Make sure that the latest NVIDIA driver is installed and running.

第二步,使用nvcc -V检查驱动和cuda。

(base) [jianming_ge@localhost national_fire_level]$ nvidia-smi -l 1
NVIDIA-SMI has failed because it couldn't communicate with the NVIDIA driver. Make sure that the latest NVIDIA driver is installed and running.

(base) [jianming_ge@localhost national_fire_level]$
(base) [jianming_ge@localhost national_fire_level]$
(base) [jianming_ge@localhost national_fire_level]$ nvcc -V
nvcc: NVIDIA (R) Cuda compiler driver
Copyright (c) 2005-2020 NVIDIA Corporation
Built on Tue_Sep_15_19:10:02_PDT_2020
Cuda compilation tools, release 11.1, V11.1.74
Build cuda_11.1.TC455_06.29069683_0

第三步,查看已安装驱动的版本信息

ls /usr/src | grep nvidia
(base) [jianming_ge@localhost national_fire_level]$ ls /usr/src | grep nvidia
nvidia-470.63.01

第四步,依次输入以下命令

sudo apt-get install dkms

sudo dkms install -m nvidia -v 450.57

我的是centos命令 应该用:

sudo yum install epel-release
sudo yum install dkms

sudo dkms install -m nvidia -v 470.63.01

(base) [jianming_ge@localhost national_fire_level]$ sudo dkms install -m nvidia  -v 470.63.01
Sign command: /lib/modules/3.10.0-1160.90.1.el7.x86_64/build/scripts/sign-file
Signing key: /var/lib/dkms/mok.key
Public certificate (MOK): /var/lib/dkms/mok.pub

Building module:
Cleaning build area...
'make' -j8 NV_EXCLUDE_BUILD_MODULES='' KERNEL_UNAME=3.10.0-1160.90.1.el7.x86_64 IGNORE_CC_MISMATCH='' modules...(bad exit status: 2)
Error! Bad return status for module build on kernel: 3.10.0-1160.90.1.el7.x86_64 (x86_64)
Consult /var/lib/dkms/nvidia/470.63.01/build/make.log for more information.
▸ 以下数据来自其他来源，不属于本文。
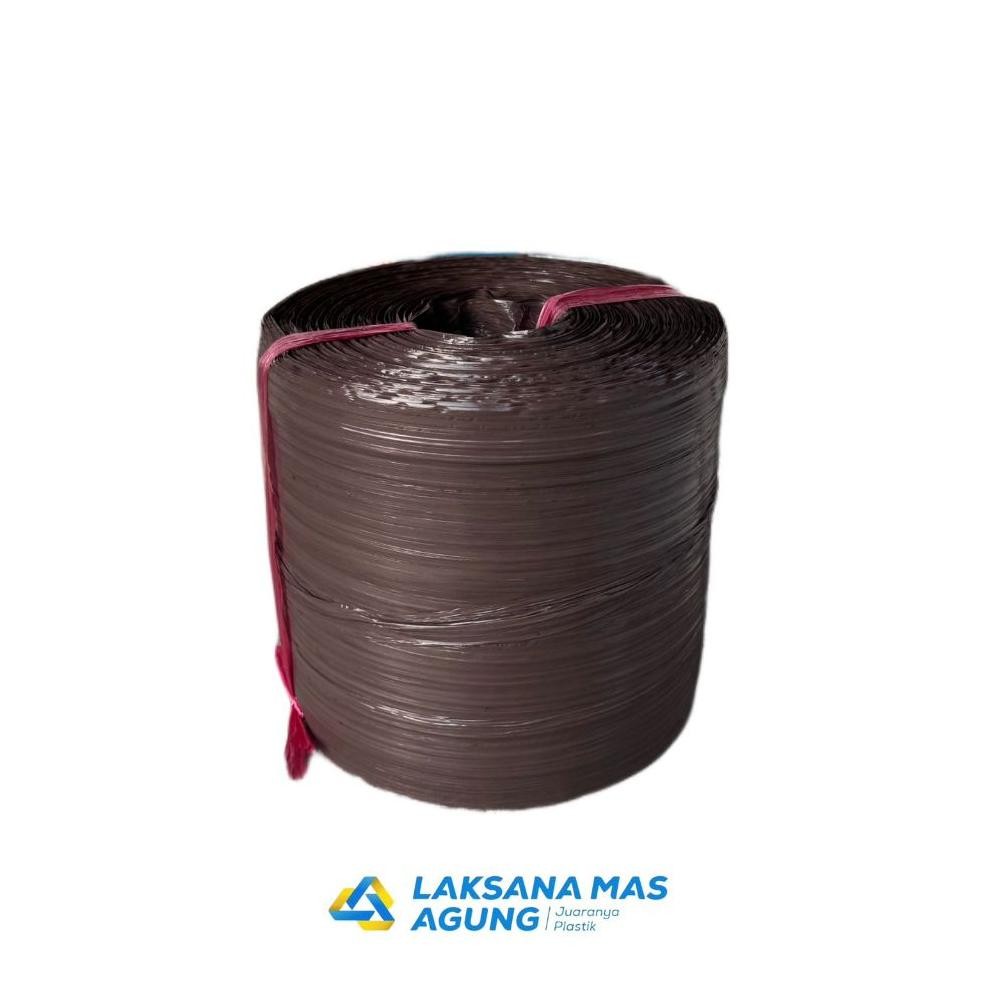 

Tali Rafia Coklat Glossy Rol Besar 5KG | Tali Plastik Packing Jumbo, 2421M | Laksanamas AST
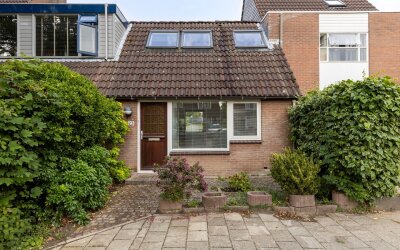 Willem Aron. 23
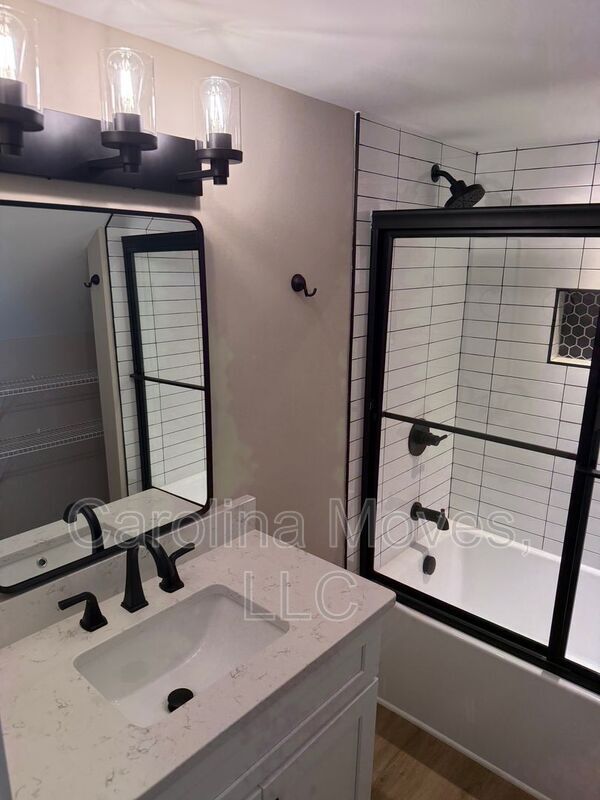 Building Photo - 50 Hutchins St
报错,安装指引 Consult /var/lib/dkms/nvidia/470.63.01/build/make.log for more information.


(base) [jianming_ge@localhost national_fire_level]$ cat /var/lib/dkms/nvidia/470.63.01/build/make.log
DKMS make.log for nvidia-470.63.01 for kernel 3.10.0-1160.90.1.el7.x86_64 (x86_64)
2023年 07月 13日 星期四 11:36:22 CST
make[1]: 进入目录“/usr/src/kernels/3.10.0-1160.90.1.el7.x86_64”
  SYMLINK /var/lib/dkms/nvidia/470.63.01/build/nvidia/nv-kernel.o
  SYMLINK /var/lib/dkms/nvidia/470.63.01/build/nvidia-modeset/nv-modeset-kernel.o

Compiler version check failed:

The major and minor number of the compiler used to
compile the kernel:

gcc version 4.8.5 20150623 (Red Hat 4.8.5-44) (GCC)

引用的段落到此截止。